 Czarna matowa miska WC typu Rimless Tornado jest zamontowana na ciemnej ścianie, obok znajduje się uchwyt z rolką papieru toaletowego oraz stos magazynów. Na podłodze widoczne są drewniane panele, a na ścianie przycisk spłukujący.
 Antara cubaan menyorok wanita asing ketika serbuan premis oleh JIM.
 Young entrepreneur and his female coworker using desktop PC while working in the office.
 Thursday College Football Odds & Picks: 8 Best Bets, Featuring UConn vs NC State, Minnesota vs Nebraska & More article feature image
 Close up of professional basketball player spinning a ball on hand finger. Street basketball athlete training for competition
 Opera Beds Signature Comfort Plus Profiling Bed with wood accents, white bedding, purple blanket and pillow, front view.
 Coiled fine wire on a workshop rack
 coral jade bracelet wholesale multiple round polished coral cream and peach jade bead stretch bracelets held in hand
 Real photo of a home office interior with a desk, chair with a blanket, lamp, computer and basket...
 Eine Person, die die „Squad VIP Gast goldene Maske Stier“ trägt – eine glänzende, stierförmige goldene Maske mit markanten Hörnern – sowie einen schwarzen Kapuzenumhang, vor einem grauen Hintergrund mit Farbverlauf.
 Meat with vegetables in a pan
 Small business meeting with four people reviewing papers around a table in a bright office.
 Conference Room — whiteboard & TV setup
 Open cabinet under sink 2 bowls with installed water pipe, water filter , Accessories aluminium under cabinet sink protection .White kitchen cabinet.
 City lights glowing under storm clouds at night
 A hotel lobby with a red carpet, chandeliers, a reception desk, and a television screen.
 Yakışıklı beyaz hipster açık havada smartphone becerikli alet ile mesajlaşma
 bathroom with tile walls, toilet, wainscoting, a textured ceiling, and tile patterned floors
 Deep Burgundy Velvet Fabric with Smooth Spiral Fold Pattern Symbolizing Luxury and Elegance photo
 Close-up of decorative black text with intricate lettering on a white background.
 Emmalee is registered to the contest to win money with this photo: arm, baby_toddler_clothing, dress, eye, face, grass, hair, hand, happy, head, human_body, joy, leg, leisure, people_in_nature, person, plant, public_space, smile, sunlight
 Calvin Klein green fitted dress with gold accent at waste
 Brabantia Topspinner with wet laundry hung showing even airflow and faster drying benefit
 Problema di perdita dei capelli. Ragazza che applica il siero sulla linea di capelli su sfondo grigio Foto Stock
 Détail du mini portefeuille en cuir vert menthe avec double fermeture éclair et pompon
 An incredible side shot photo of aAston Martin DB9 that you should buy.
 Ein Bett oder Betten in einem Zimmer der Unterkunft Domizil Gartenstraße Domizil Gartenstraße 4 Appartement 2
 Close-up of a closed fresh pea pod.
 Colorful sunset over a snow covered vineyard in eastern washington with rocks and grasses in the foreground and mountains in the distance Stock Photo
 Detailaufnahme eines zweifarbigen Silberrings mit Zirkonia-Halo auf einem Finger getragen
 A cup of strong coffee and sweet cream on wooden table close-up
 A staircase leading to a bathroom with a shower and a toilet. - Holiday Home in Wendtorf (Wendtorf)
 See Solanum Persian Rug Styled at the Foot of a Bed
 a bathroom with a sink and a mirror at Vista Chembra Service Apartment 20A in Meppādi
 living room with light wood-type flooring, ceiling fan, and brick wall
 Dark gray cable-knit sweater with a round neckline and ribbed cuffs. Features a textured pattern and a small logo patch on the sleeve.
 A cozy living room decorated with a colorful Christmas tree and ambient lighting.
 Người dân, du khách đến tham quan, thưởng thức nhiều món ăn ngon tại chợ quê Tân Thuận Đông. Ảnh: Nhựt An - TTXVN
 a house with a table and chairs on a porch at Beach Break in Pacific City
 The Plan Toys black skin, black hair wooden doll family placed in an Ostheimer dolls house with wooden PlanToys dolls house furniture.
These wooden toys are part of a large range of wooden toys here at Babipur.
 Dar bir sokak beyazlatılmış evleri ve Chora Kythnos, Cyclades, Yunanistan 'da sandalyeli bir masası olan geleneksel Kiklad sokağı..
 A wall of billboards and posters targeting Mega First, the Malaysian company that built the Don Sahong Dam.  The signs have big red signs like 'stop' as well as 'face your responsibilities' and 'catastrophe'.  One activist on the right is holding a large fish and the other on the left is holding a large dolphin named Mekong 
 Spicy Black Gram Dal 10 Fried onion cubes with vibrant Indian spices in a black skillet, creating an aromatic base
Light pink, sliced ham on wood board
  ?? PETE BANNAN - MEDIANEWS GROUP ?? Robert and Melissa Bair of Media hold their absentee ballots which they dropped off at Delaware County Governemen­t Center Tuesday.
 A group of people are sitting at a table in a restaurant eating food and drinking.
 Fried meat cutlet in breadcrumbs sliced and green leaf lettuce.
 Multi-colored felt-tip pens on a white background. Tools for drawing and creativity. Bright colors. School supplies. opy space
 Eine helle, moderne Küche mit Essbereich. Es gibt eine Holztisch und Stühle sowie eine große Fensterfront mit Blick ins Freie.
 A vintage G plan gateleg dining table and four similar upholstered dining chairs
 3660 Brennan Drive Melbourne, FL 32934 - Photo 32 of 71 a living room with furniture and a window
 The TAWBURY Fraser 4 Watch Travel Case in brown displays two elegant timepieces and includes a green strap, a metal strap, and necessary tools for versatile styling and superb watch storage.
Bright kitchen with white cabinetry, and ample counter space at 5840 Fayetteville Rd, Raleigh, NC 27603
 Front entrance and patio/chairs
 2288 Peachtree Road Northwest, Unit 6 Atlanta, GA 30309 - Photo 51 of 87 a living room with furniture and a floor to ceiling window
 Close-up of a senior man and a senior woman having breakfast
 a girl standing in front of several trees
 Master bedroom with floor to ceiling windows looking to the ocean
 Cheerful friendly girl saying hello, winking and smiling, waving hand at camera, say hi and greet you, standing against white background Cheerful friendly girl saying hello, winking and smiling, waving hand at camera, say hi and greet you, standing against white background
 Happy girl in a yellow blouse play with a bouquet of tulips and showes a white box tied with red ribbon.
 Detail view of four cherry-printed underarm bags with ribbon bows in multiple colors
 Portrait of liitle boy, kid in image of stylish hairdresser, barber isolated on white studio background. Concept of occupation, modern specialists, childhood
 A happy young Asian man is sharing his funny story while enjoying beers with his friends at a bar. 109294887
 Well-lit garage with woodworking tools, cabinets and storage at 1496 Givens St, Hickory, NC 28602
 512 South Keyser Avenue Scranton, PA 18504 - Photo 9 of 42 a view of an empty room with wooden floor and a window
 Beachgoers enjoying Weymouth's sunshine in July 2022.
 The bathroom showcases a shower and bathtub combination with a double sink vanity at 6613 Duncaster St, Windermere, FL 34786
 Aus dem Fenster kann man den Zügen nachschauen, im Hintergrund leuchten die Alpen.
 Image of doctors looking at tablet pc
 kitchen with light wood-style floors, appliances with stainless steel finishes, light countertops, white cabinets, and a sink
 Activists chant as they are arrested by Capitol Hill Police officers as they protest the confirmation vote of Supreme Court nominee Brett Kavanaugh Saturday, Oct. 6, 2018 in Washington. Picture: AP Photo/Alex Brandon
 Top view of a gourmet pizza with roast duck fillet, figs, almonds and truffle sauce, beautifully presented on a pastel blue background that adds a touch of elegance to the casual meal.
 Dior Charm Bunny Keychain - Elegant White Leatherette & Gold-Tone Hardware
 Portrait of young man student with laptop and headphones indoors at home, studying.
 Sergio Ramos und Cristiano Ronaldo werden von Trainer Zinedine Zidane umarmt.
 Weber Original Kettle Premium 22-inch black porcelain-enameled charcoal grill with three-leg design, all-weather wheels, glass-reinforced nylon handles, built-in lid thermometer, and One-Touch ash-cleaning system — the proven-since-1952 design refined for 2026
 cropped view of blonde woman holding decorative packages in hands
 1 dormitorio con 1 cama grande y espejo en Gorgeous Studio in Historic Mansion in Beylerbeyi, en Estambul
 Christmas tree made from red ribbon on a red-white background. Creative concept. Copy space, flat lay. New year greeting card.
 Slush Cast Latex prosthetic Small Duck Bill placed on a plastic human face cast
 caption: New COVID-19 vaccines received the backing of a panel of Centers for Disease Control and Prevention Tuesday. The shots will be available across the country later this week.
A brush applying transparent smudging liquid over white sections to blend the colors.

→ Assignment: State the number of lines in the records that hold the string "cabinets", and add nothing.

→ The completed task: 2